Plano de Saúde Metabólico: Reprogramar, não apenas emagrecer.

Plano de Saúde Metabólico,
o que é?

O Plano Metabólico do CIM vai além de um programa de emagrecimento. É uma reprogramação metabólica completa, baseada na avaliação clínica multidimensional de cada paciente, com acompanhamento clínico contínuo do primeiro ao último dia.

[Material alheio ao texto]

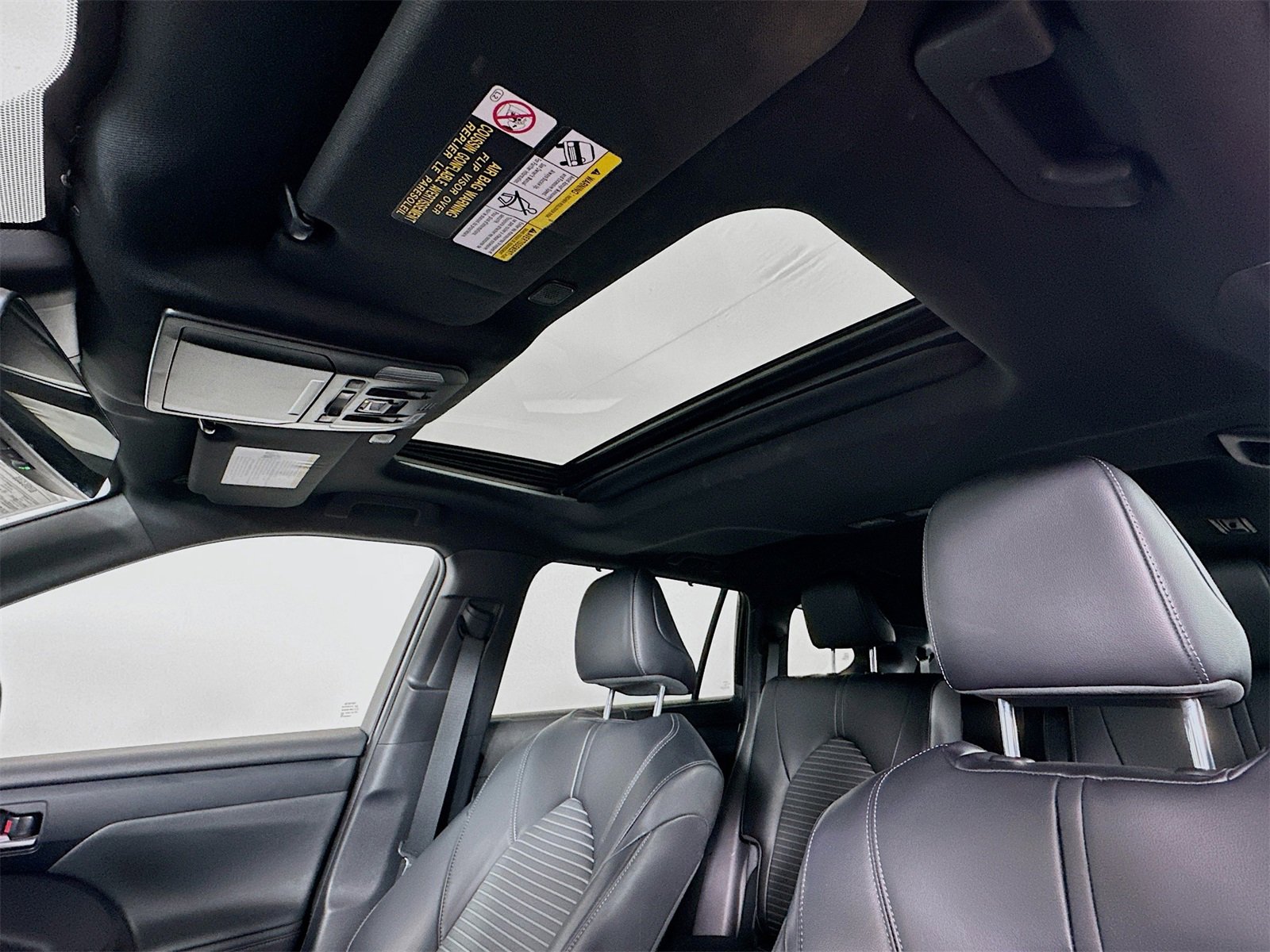 Certified 2023 Toyota Highlander XSE image 21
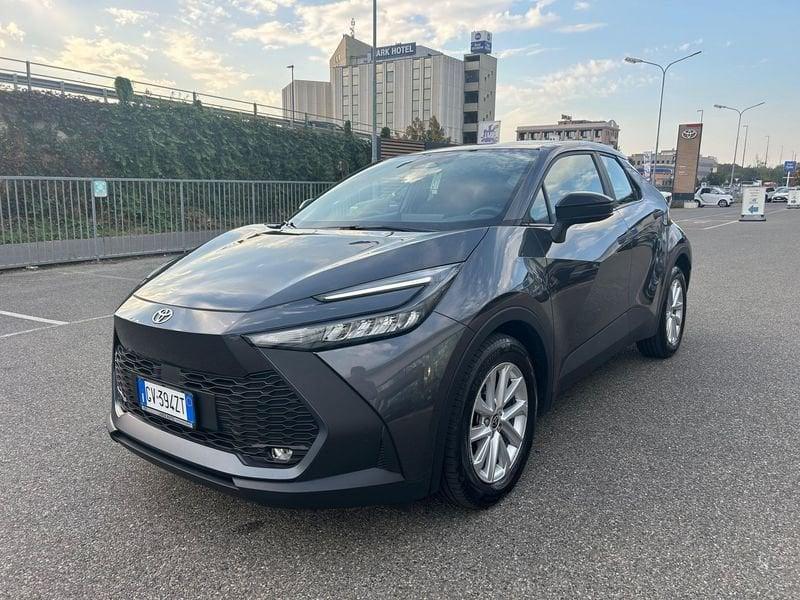 Toyota C-HR C-HR 1.8 hev Active fwd e-cvt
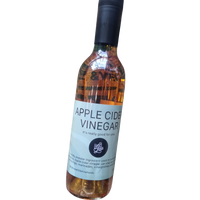 Vinegar- Apple Cider 400ml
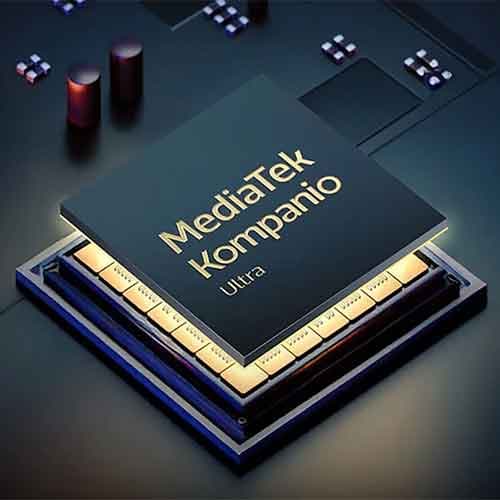 MediaTek releases its latest Kompanio Ultra chips for AI-powered Chromebooks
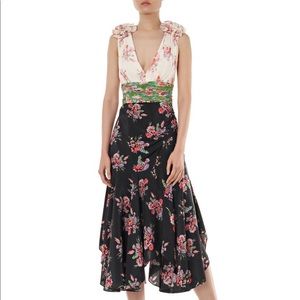 Amur Lolly Floral Dress. NWTO Size 0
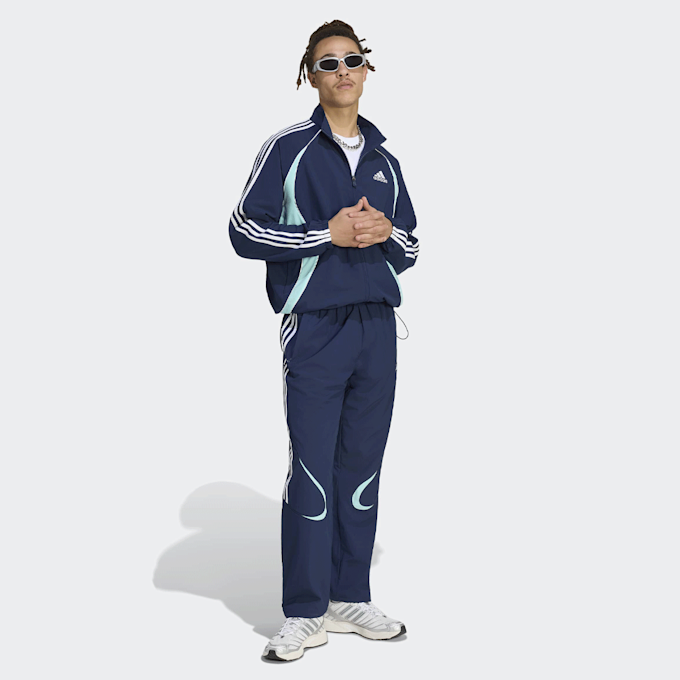 adidas Originals Teamgeist Tracktop plava 102750 5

Além da eliminação de peso, rejuvenece o corpo e retarda o processo de envelhecimento.

Uma abordagem inovadora e integrada do tratamento clínico da obesidade que tem por base o Método CIM e intervenções proprietárias como a Cirurgia Metabólico de Porta Única: técnica metabólica minimamente invasiva desenvolvida no CIM, realizada através de um único acesso cirúrgico.

estética; cosmetica

Sair dos extremos: nem castigo, nem desistência

Durante anos, a cultura privilegiou a magreza extrema como ideal. Hoje não estamos melhor: soluções abusivas reforçam modelos pouco saudáveis. Mas o excesso de peso e o sedentarismo são prejudiciais — a obesidade diminui a esperança de vida e a longevidade é um problema de saúde pública mundial.

 

Muitas pessoas vivem, assim, entre extremos: entre o castigo do corpo para uma forma fora do seu normal ou a desmotivação que advém dos muitos insucessos na tentativa de sair dos limites da obesidade.

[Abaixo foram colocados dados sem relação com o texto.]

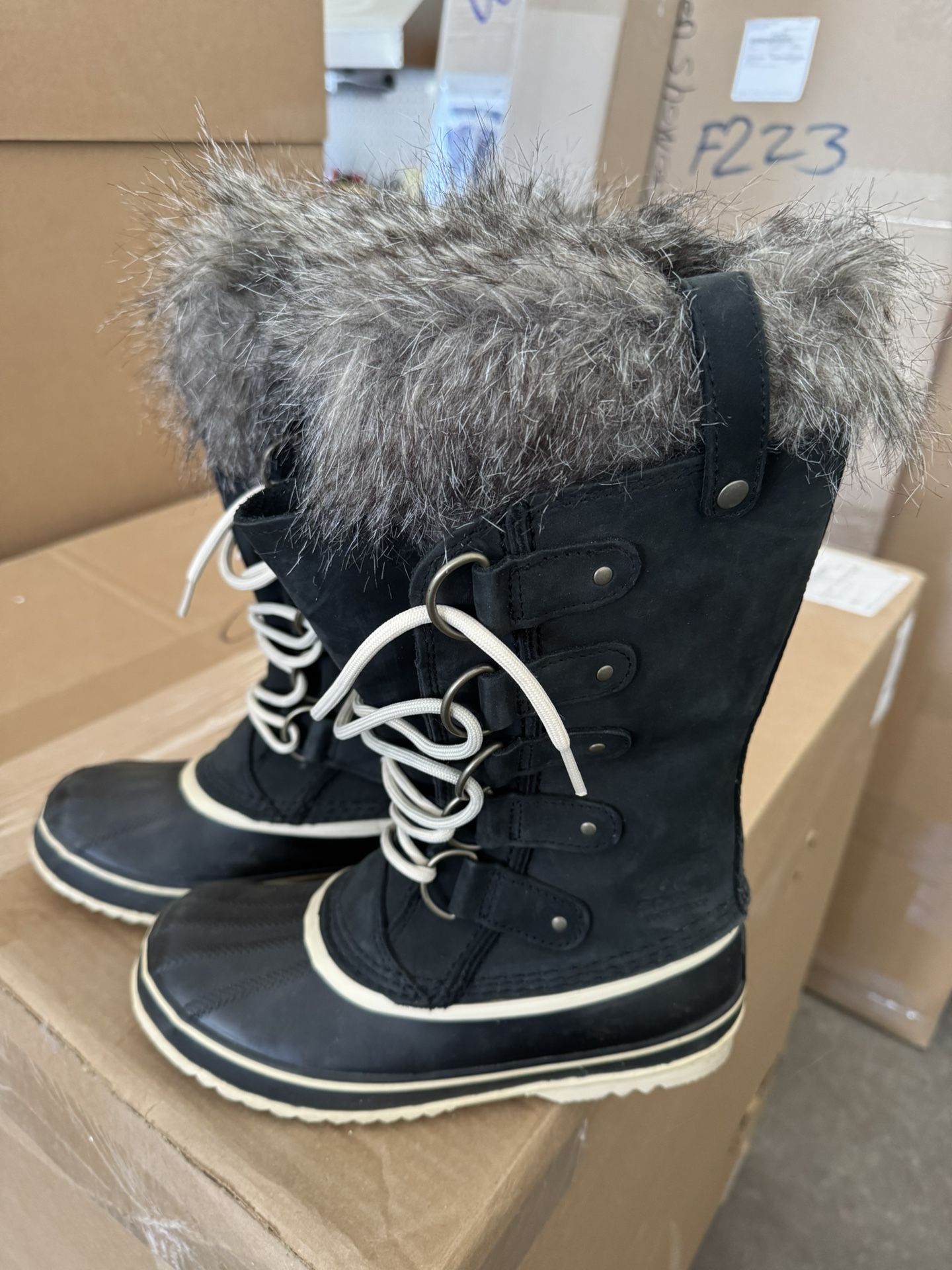Women’s Winter Boots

Muito mais do que uma questão de peso

As questões relacionadas com a regulação do peso são muito mais que ‘meras questões de peso’. Além dos problemas colaterais de saúde (como a diabetes, hipertensão, apneia do sono, infertilidade, problemas nos ossos, nos musculos e nas articulações), afectam a auto estima, a segurança, a mobilidade. Mas não tem de ser assim: o reset da disfunção metabólica pode ser a porta de entrada para a perda do excesso sendo, em última análise, o início do caminho para algo muito mais importante: a melhoria da longevidade.

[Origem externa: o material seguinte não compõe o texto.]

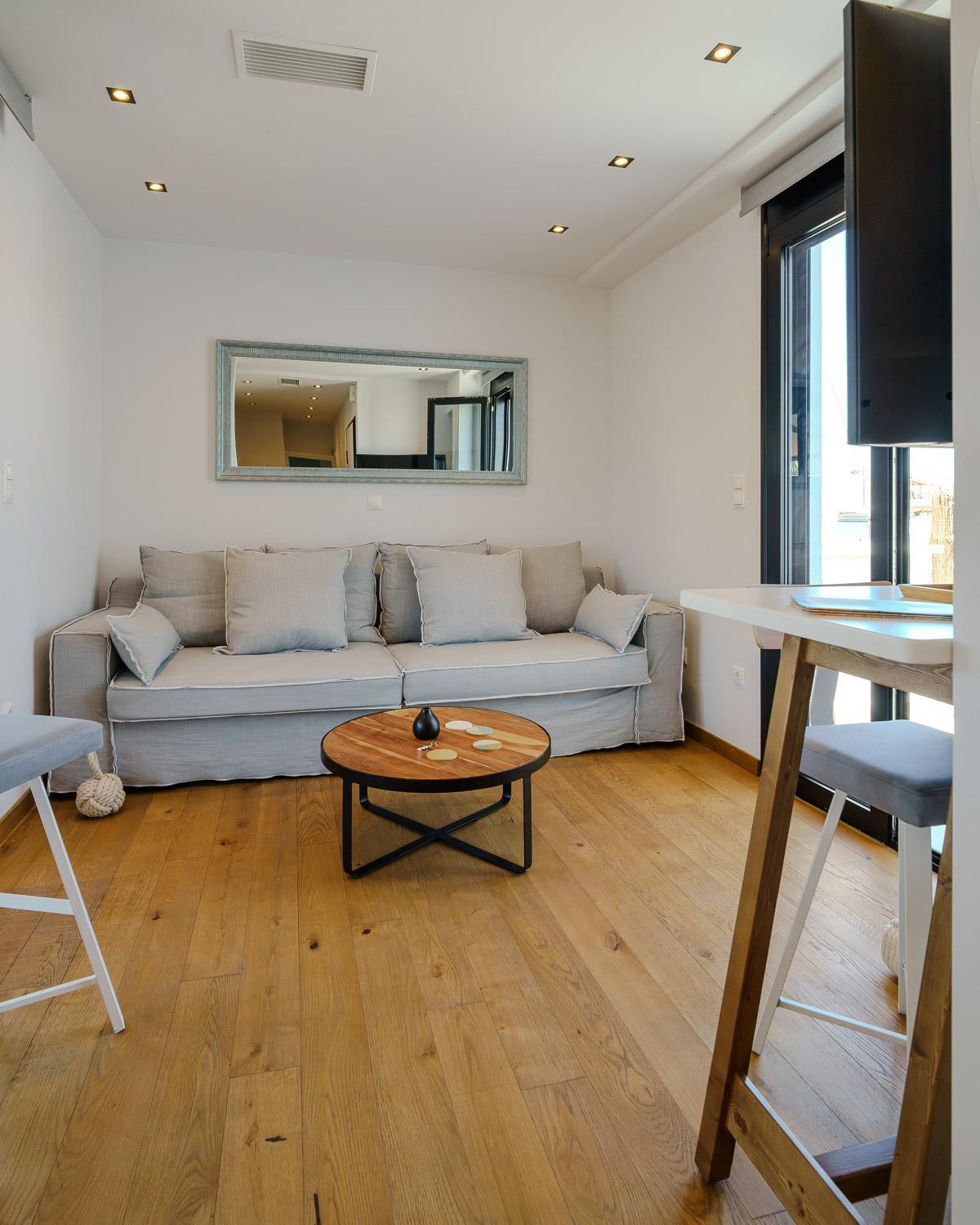 Koukouvagia Penthouse In Athens Lejlighed Eksteriør billede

O Plano Metabólico do CIM é um plano sustentado na ciência e com resultados comprovados, o que faz com que seja apresentado todos os anos na Universidade de Harvard (EUA), como um dos case-studies relevantes nesta área. É possível descobrir*, em si, o código da vida que que lhe permitirá viver com mais leveza e mais qualidade, por mais tempo.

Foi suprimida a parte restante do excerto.